INTERVIEW: ‘The whole point of the law is to have teeth. It is not just about appealing to moral persuasion,’ said Lord Anthony Gifford QC, the co-founder of the first law centre. The veteran human rights lawyer, who moved to Jamaica in 1989, was talking to www.thejusticegap.com.
After more than 50 years at the Bar, Tony Gifford’s biography serves as a pretty comprehensive list of left wing causes célèbres. Notable cases include the Birmingham Six, Guildford Four; he chaired inquiries into Broadwater Farm and the Toxteth riots in Liverpool; and represented the family of James Wray at the Bloody Sunday Inquiry. Then there is his international work which includes his involvement in the anti apartheid campaign in South Africa, support for the liberation movement in Mozambique and latterly fighting for peoples’ rights in the Caribbean. The barrister was also founder of the first law centre, North Kensington, which was set up in 1970.
- You can read the full interview here
Gifford, who is a member of the Doughty Street barristers’ chambers in the UK, set up his firm Gifford Thompson & Bright in 1991 in Kingston. He called the the LASPO cuts of April 2013 ‘appalling’.

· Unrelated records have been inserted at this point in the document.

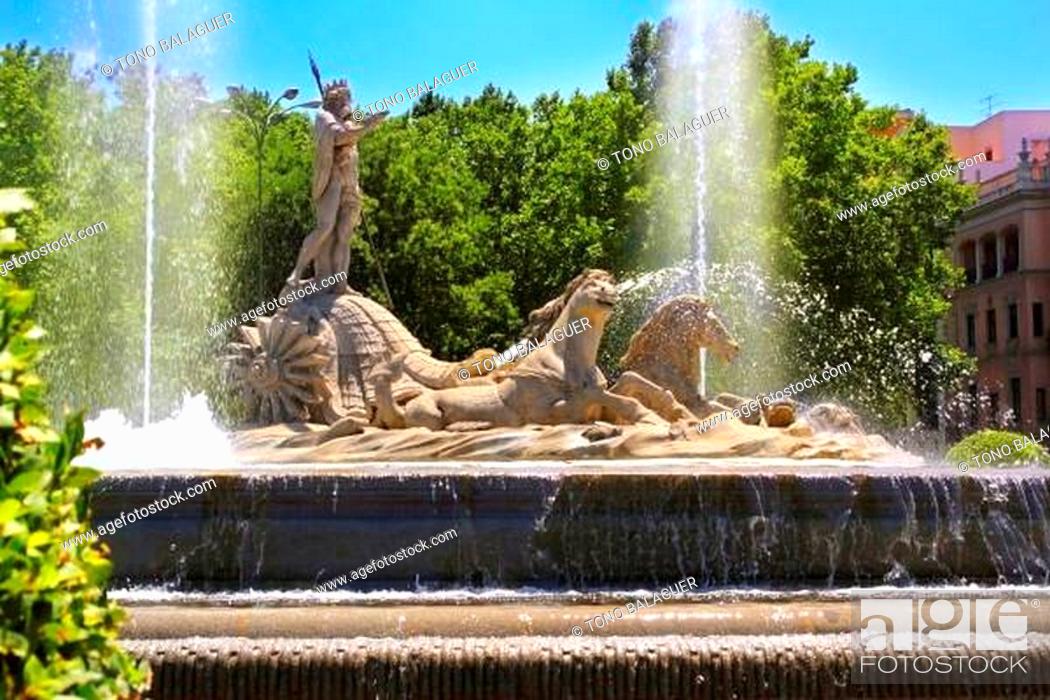 Stock Photo: Madrid Neptuno fountain in Paseo de la Castellana.
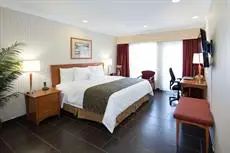 Best Western Plus Kelowna Hotel & Suites 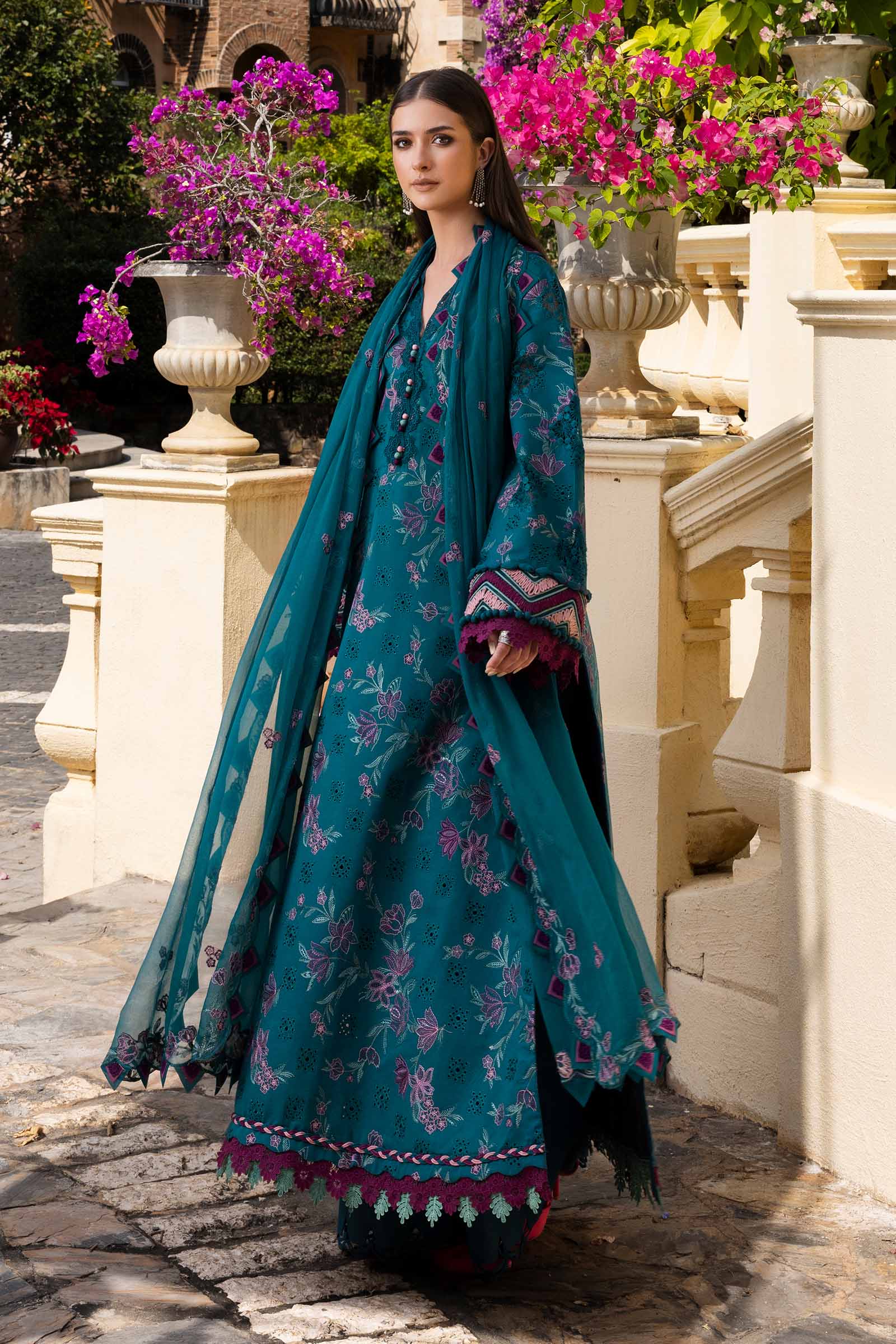 Embroidered Lawn Fabric (2Pcs) - Image 5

‘I am amazed that the attack should come from these Conservatives – for all their faults in the 1970s, they did believe in the rule of law,’ Gifford said. ‘That means people should have access to justice – irrespective of their means. The Legal Aid and Advice Act passed by the Attlee government in 1949 provided a model scheme. It gave Britain a very good reputation on the international stage in terms of the upholding of justice.’
As founder of the first law centre Tony Gifford was a pioneer in promoting access to justice for the poor and the vulnerable. North Kensington Law Centre opened in 1970 in a butcher’s shop at the north end of Portobello Road and, in doing so, spawned a movement. Some 13 opened between 1973 and 1974 and there were to be more than 60 in total.
‘The idea began with the publication of a pamphlet by the Fabian Society – Justice for all – reporting on the poverty program in the United States and the neighbourhood law firms that have had up there,’ Gifford recalled. ‘We lived in Notting Hill and we can see the needs of the people in North Kensington were crying out to be met.’
Gifford remembered 1970 as being ‘the year of Rachman’, the notorious slum landlord. ‘There was intense racism from the Notting Hill police, poor local authority accommodation and exploitation of workers,’ he said. ‘The whole point of the law is to have teeth. It is not just about appealing to moral persuasion. It must provide effective remedies through the court system. When the North Kensington law centre started, landlords found that they would evict a tenant in the morning, then have an injunction slapped on them by the afternoon and the tenant could be back by the evening.’
The centre instituted a duty solicitor rota at Notting Hill police station. ‘Someone could be arrested at midnight and an hour later, the lawyer would be knocking on the door of the station,’ he recalls. ‘The very presence of lawyers acted as a deterrent to misbehavior.’
‘The message was very simple: justice is for all – and, in particular, for those with slender means because they are more likely to be exploited. There are simple truths that should be self-evident. Yet they are being questioned by the powers that be.’
Working in Jamaica puts the legal aid crisis here into perspective. ‘It is a real education to work in a country where the public resources are so much less per head than they are in an advanced country. To be in a Caribbean country, you see how every public service is under terrible strain – education, health and justice,’ he said; before adding: ‘There is a very dedicated legal profession – and a real desire to see justice done.’
‘There is a legal aid scheme of sorts – but it is minimal,’ the barrister continued. ‘The real legal aid that I depend on in my criminal practice comes from families. There is tremendous solidarity shown by family members, particularly those overseas living in the US.’
Tony Gifford called the Human Rights Act ‘the most progressive and far-reaching piece of legislation passed by Tony Blair’s government’.
The lawyer called the prospect of withdrawing from the European Convention as ‘extraordinary’. ‘We would be putting ourselves on a par with Russia and other countries that want to opt out. For a government meant to stand for the rule of law that would look very bad on the world stage.’
‘We must have access to the courts and, if necessary, to the European Court of Human Rights so as to maintain the standards of human rights which became essential after the disaster of the Second World War.’
‘If you allow popular feeling to go unchecked – and politicians are always encouraged to do a popular thing rather than the right thing – then only effective human rights legislation can stop that.’